Li ho chiamati "pseudo-haiku" in quanto, pur essendo composti di tre versi e affrontando il tema palpitante delle stagioni, dei "veri" haiku giapponesi non rispettano la classica distribuzione (5, 7, 5) delle sillabe.
Ogni verso, formato da una coppia di parole in grado di generare un "ossimoro nascosto", è congegnato in modo da rispettare alcune precise restrizioni (o "contraintes").
In sintesi si tratta di questo. Le parole "nascoste" devono concordare nel genere e nel numero in caso di nomi, aggettivi e pronomi; nel modo, nel tempo e nella persona in caso di verbi; inoltre fra la parola "contenuta" e la parola "contenente" non deve sussistere omogeneità etimologica (o "equipollenza" per usare un termine dell'enigmistica classica).
I testi di riferimento per la costruzione degli "ossimori nascosti" sono stati: Il Nuovo Zingarelli. Vocabolario della lingua italiana (Zanichelli, 1990) e Giuseppe Pittàno, Sinonimi e contrari. Dizionario fraseologico delle parole equivalenti, analoghe e contrarie (Zanichelli, 1987).

 

Sferràta primavera 
scimmiotta il suono 
d'inaffidabili giardinetti

Arcadici greggi 
sfarfallano al margine 
di una poiètica infanzia 

Morbidi ceràsi 
sovrastano efficaci 
l'afasìa di un angelo

Carambola prudente 
in un fittizio paradiso 
una canìcola micidiale

Focosamente temeraria 
scomoda un incendio 
la processata caldura

Frizzante cicalàta
esplode in lontananza
la calma di un poggetto

S'invetera il castagno 
in cortesie parsimoniose 
e poemetti verginali

Al cambio del confine 
s'apposta il rampicante 
lentigginoso e celestiale

S'accapigliano trèmuli 
nel ristòro della penombra 
telai di crisantemi

Sibili d'inverno 
s'alternano triviali 
fra gli speroni offesi

S'avvita un'invernata 
di falchi insoddisfatti
e disparite apparizioni

Spira rapace
e s'aggraticcia in lacrime
un parcato febbraio
 
 

"L'indice dei libri del mese", 7, luglio 1996, p. 51.

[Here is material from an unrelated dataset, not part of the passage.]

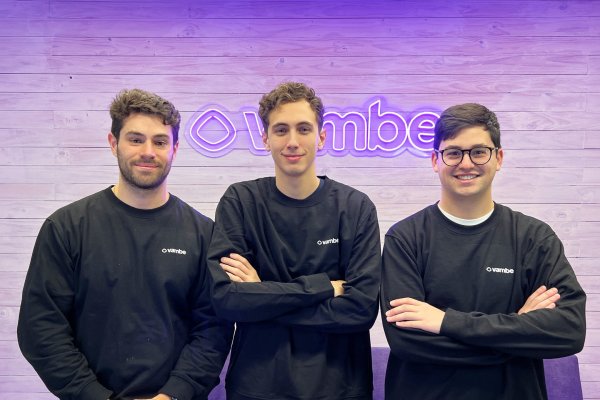 Los cofundadores de Vambe, Nicolás Camhi, Matías Pérez y Diego Chahuán.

La sezione de L'Indice del luglio 1996 dedicata a "Il tema del mese"
presenta una serie di giochi proposti 
da Giovanni Mariotti, da Giorgio Calcagno e da me,
e si apre, a pagina 49, con questo scritto di Giampaolo Dossena
intitolato Giochi d'autore:

 Diceva Roger Caillois: "Il gioco è circondato dal discredito". Credo di poter controfirmare questa affermazione perché ho visto come sono andate in un quarto di secolo le rubriche di giochi che ho tenuto su Linus, Il Mondo, L'Espresso, L'Europeo, La Stampa, Il Venerdì di Repubblica. Per ora tutto fila liscio su Il Sole Ventiquattrore.
 Si parlava con un direttore che voleva la mia rubrica di giochi, poi cambiavano il direttore o il redattore-capo e la rubrica cominciava a incontrare difficoltà. Non ce l'avevano con me, che sapevo fare anche altre cose: proprio, non volevano uno spazio per il gioco nel loro giornale.
 Le cose non cambiavano se si passava dai giornali ai libri. Uscì un mio libro e Franco Fortini decise di parlarne bene in un elzeviro di terza pagina sul vecchio Corriere della sera: il più alto minareto che avessimo in Italia, e Fortini era un muezzin di voce potente. Le parti più alte dell'elogio furono un rimprovero per il fatto che io mi occupassi anche di giochi invece di dedicarmi interamente alla letteratura.
 Circondato dal discredito, non faccio la vittima. Ho sempre avuto una fitta posta con lettori di ogni tipo. Le lettere più geniali, le soluzioni più efficaci, i suggerimenti più fertili mi sono venuti dagli ospedali e dai gerontocomi. Qualcuno dice che la letteratura è consolatoria, e non dovrebbe. Io so che il gioco è consolatorio e me ne rallegro.
 Se qualcuno insistesse, non mi piacerebbe dover fare un elenco di persone note che ho avute complici nei miei giochi perché davvero per me contano di più il pensionato di Cuneo e la casalinga di Novi Ligure. Mi limiterò ai morti: Italo Calvino, Primo Levi, Giorgio Manganelli.
 Su supporto cartaceo si fanno meglio di altri i giochi di parole. Scelgo oggi qui un gioco che mi aveva proposto Nicoletta Francovich, e che ebbe poco successo, forse perché più difficile di altri, forse perché io lo spiegai male.
 Si basa sulle coppie di suoni vocàlici. Tutti i sette suoni vocàlici e due semivocàlici possono incontrarsi con tutti gli altri, producendo dittonghi e iati; l'accento può essere sul primo elemento della coppia o sul secondo; oppure possono essere àtoni tutti e due. I suoni vocàlici aperti non esistono in posizione àtona.
 Con la I, accento sul secondo elemento, si trova facilmente la serie completa: piano pieno zietta piissimo bionda pioggia fiuto. Con accento sul primo elemento abbiamo zia zie zii zio ma per ìu l'esempio manca. Chi lo trova?
 Sono una dozzina gli esempi mancanti, nell'intera serie, che dovrebbe comprendere più di cento coppie. Cominciate a cercare sussurrando tra voi Sahara aedi saetta faina baraonda Aosta paura...
 Fin qui siamo al "cercar parole", cercarle a tentoni, nella memoria nella fantasia, nelle corde vocali. Seconda possibilità di gioco: costruire, con le parole che si sono trovate, qualche storia più o meno sensata.
 La stessa Nicoletta Francovich ha costruito una storia abbastanza sensata stipando i 30 fonemi della cosiddetta lingua italiana in una frase di 63 lettere: Qui nella zona c'è una fonte piena di pesci svegli e gnomi saggi di razza gobba.
 Il primato resiste dal 1984. Si può lambiccare una frase "panfonemàtica" in meno di 63 lettere?
 Ma perché spostarsi dal 63? Per chi appena crede un po' alla numerologia il 63 è magico, è 7 per 9. Ancora Petrarca visse con ansia i mesi tra il sessantaduesimo compleanno e l'inizio del sessantaquattresimo anno di vita (lettera al Boccaccio del 20 luglio 1304), e dicono i Beatles: "When I'm sixty four". Sessantatré sono le caselle del Gioco dell'Oca, si vince superando la casella 63, e 64 sono le caselle della scacchiera.
 Spero di essermi guadagnato con ciò ulteriore discredito.